At the moment you probably don't know yet how a Felo file looks like. No problem. Just click an the menu “File” – “New”. This loads a sample Felo file into the editor:
A Felo file consists of three parts:
These three parts are separated by lines made of equal signs (their length is irrelevant). Let's have a look at what the parts contain:
Every parameter is in a row of its own, with two columns. In the first column, the name of the parameter (e.g. “groupname”), and in the second column, the value of this parameter (e.g. “foil”) is given.
You may well leave the parameter part empty.
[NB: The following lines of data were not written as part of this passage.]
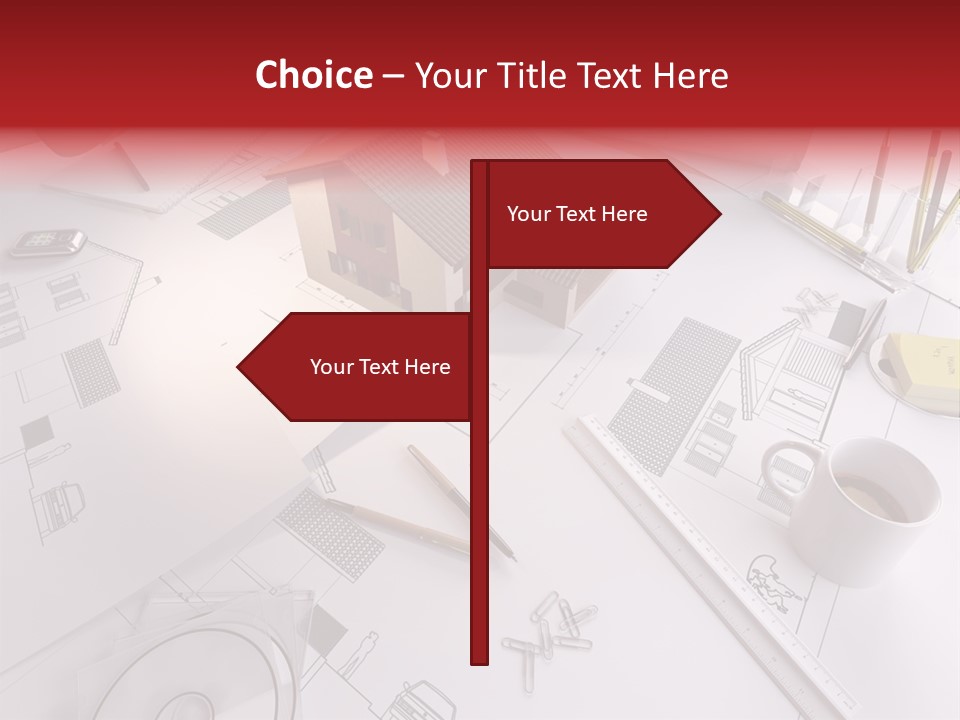 A House On Top Of A Blueprint With Pencils And A Cup Of Coffee PowerPoint Template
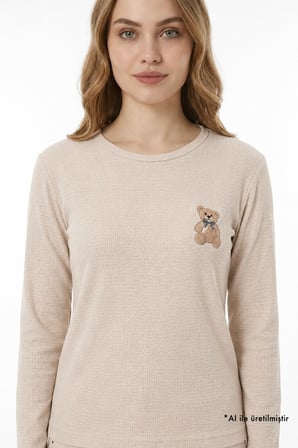 Bej Ayıcık Desenli Waffle Dokulu Bisiklet Yaka Uzun Kollu Kadın Pijama Takımı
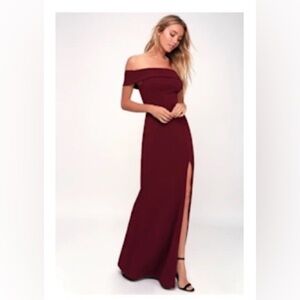 Lulu's Aveline Off-the-Shoulder Burgundy Maxi Dress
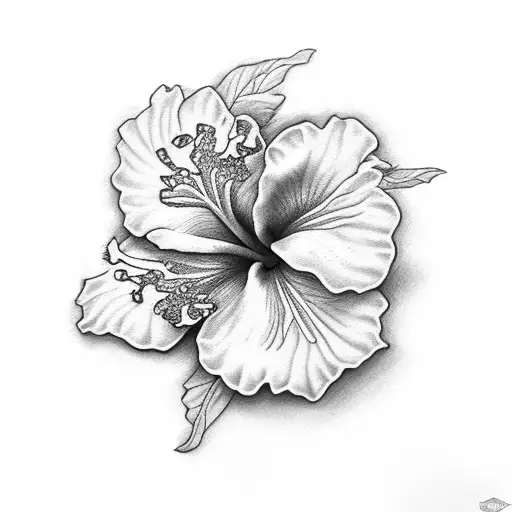 hibiscus flower with always as the steel tattoo design idea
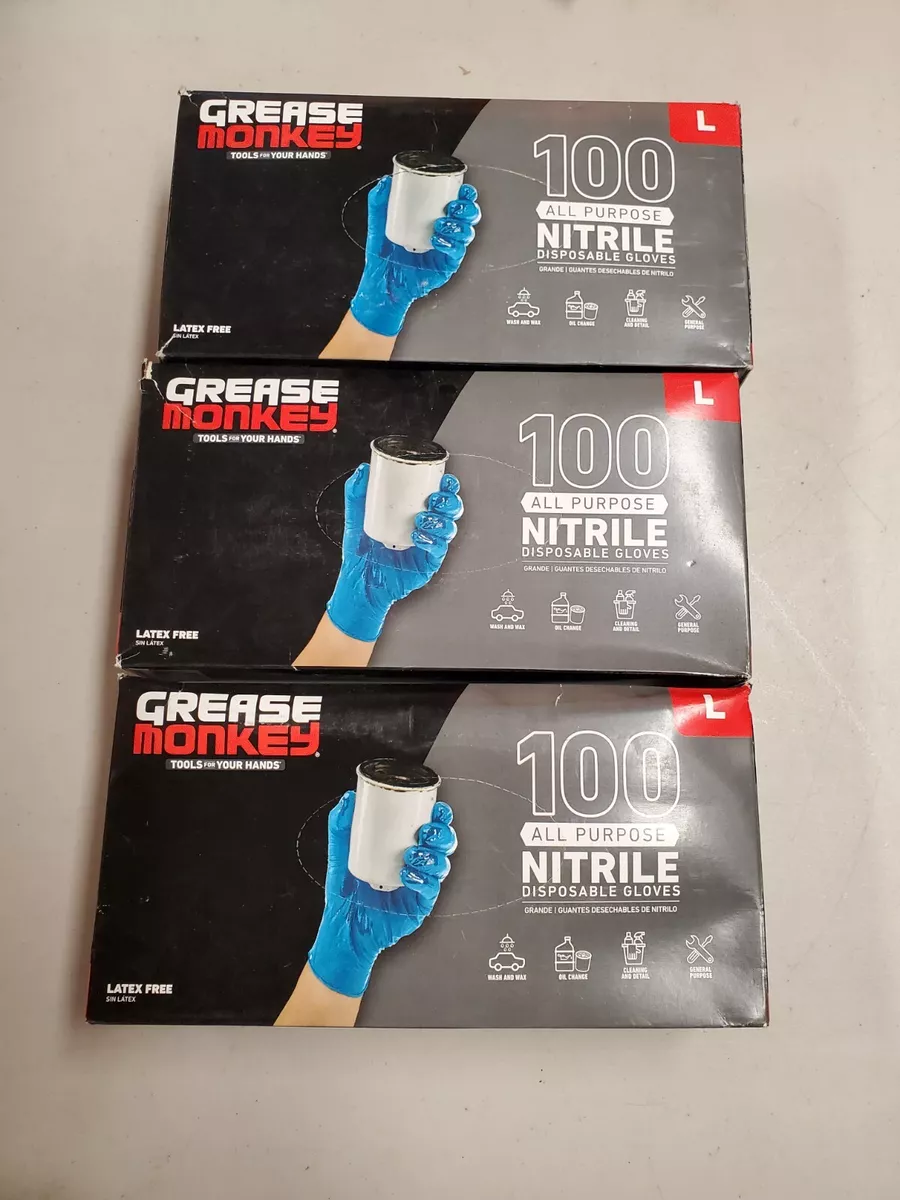 Grease monkey large 2024 disposable nitrile gloves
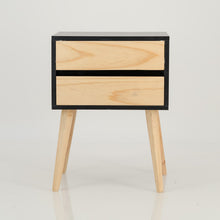 Load image into Gallery viewer, Nallo Black Side Table with Two Drawers - Hidden Handles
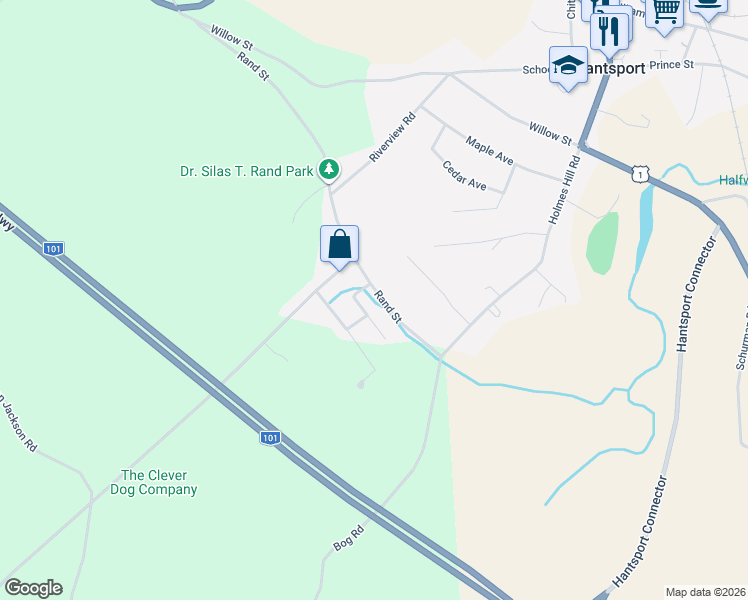 map of restaurants, bars, coffee shops, grocery stores, and more near 24 Rand Street in Hantsport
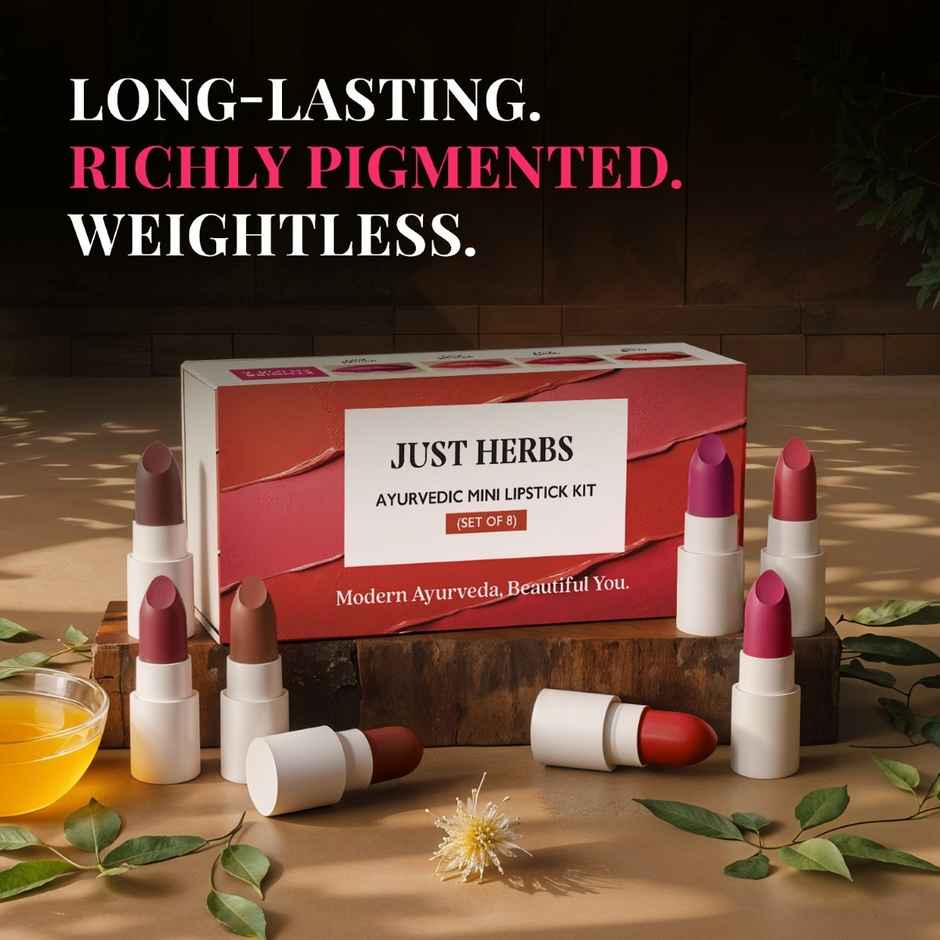 Just Herbs Ayurvedic Micro Mini Kit | Matte Lipsticks Long Lasting Travel Friendly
In this case, Felo assumes
default values which will be sensible mostly. For more info, see List of all parameters.
An important feature is that all fencers whose names are put in
parentheses ‘(...)’ won't get a Felo number. This is for fencers
who are afraid of knowing their fencing strength, or who are concerned
about their privacy. Nevertheless, their bouts should be included
anyway because it helps with calculating the other's Felo ratings,
unless of course they object to it.
The opponents must be given in the form ‘first -- second’, i.e. both fencers are separated by two dashes.
Important: In Felo files, columns are separated by tab stops <Tab>. It doesn't matter how many, but it must be at least one. |
You may add comments at arbitrary places in a Felo file. For example, you may mark bouts for which you'd like to double-check the result, or you may mark places where a couple of bouts are still missing. Lines with commens start with a ‘#’ sign. Felo ignores such lines completely.